Some of those compromise deals have upset elements of Biden's Democratic Party, who wanted him to do more to tackle a wide range of issues that he campaigned on, ranging from addressing police brutality, to protecting voting rights, to the battle over women's right to abortion.
"A lot of Americans are very disaffected by mainstream politics and by the compromises that the Democrats have made," said Premilla Nadasen, a professor of history at Columbia University's Barnard College.
Biden's own popularity has withered over the course of his term, and is now standing at around 40%.
But some analysts give him credit for trying to bring the country back towards the political middle and isolate radicals who embraced former President Donald Trump’s false claims of fraud in the 2020 election and were involved in the assault on Congress on Jan 6, 2021.
"How best to contain the anti-democratic conspiratorial right in America - that is the project that you're seeing Biden work on," said Matthew Dallek, a political historian and professor at George Washington University.
Biden has at times applied the across-the-aisle strategy outside Capitol Hill, too.
Mitch Landrieu and other top Biden advisers recently negotiated an electric vehicle charger agreement with Elon Musk, the Tesla Inc billionaire owner who has called Biden a "damp (sock) puppet" and has expressed support for Ron DeSantis, who is seeking the Republican presidential nomination.
"This is what's amazing about working for this president: irrespective of what other noise is going on, outside of whatever it is that you're talking about, he's focused on solving the problem," Landrieu said.
McCarthy, who negotiated the debt ceiling deal with Biden, was critical of the president during the crisis, saying he had "wasted time and refused to negotiate for months," although he later had warmer words for Biden's deal-makers.
"I do want to thank the president's team that he put together," McCarthy said, calling them professional and smart, despite "very strong beliefs that are different than ours."

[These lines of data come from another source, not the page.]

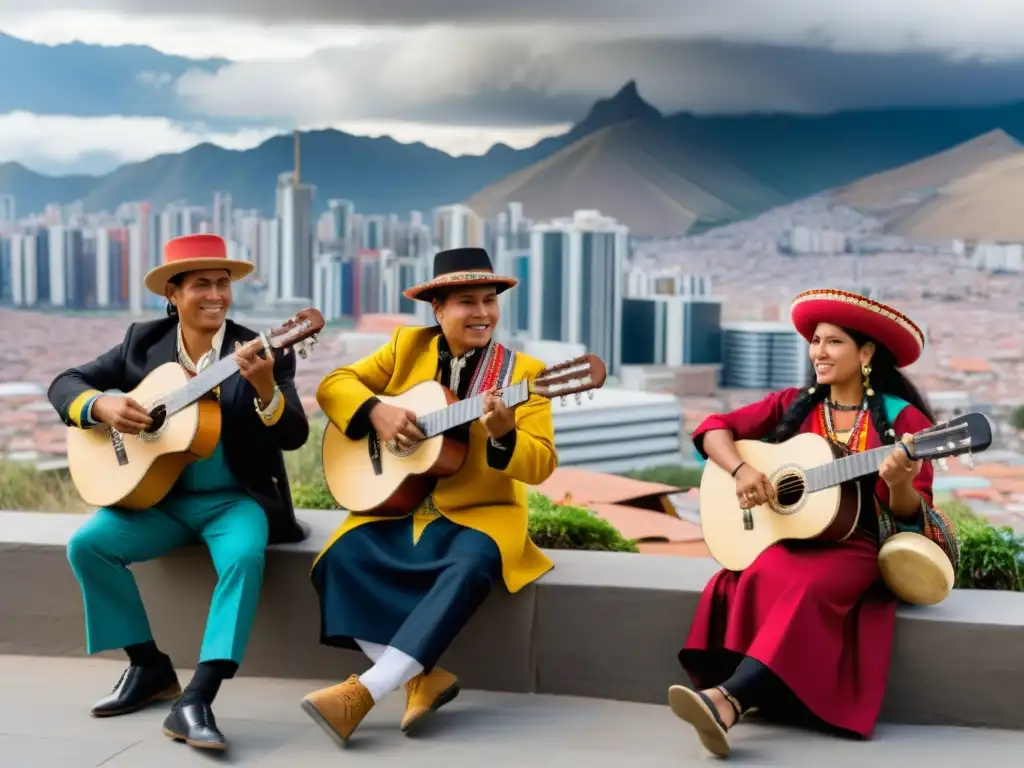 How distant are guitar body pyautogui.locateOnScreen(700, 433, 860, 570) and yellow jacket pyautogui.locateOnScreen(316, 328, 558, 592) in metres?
0.41

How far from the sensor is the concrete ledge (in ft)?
9.85

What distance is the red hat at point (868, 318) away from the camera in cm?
298

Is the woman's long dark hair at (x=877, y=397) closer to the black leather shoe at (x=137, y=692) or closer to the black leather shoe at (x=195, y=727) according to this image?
the black leather shoe at (x=195, y=727)

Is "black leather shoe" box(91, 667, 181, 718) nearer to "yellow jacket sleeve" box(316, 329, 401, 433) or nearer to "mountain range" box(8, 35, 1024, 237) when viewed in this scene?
"yellow jacket sleeve" box(316, 329, 401, 433)

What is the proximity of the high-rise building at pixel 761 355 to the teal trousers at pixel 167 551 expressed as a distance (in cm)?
1133

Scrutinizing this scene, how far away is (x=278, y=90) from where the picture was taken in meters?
15.9

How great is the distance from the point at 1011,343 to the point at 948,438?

The brief peace in Washington after the deal may be short-lived, as both sides gear up for the 2024 presidential election.
Trump and DeSantis, the leading Republican candidates, seem focused for now on attacking each other but they are expected target Biden with fierce rhetoric.
And former South Carolina governor Nikki Haley has already begun, saying a vote for Biden is a vote for President Kamala Harris, suggesting she believes Biden could die or be forced from office before completing a second term, putting his vice president in power.
"If this (debt ceiling) bill bought a reprieve from extreme partisan warfare, it's temporary," said Matt Bennett, at the center-left think tank Third Way.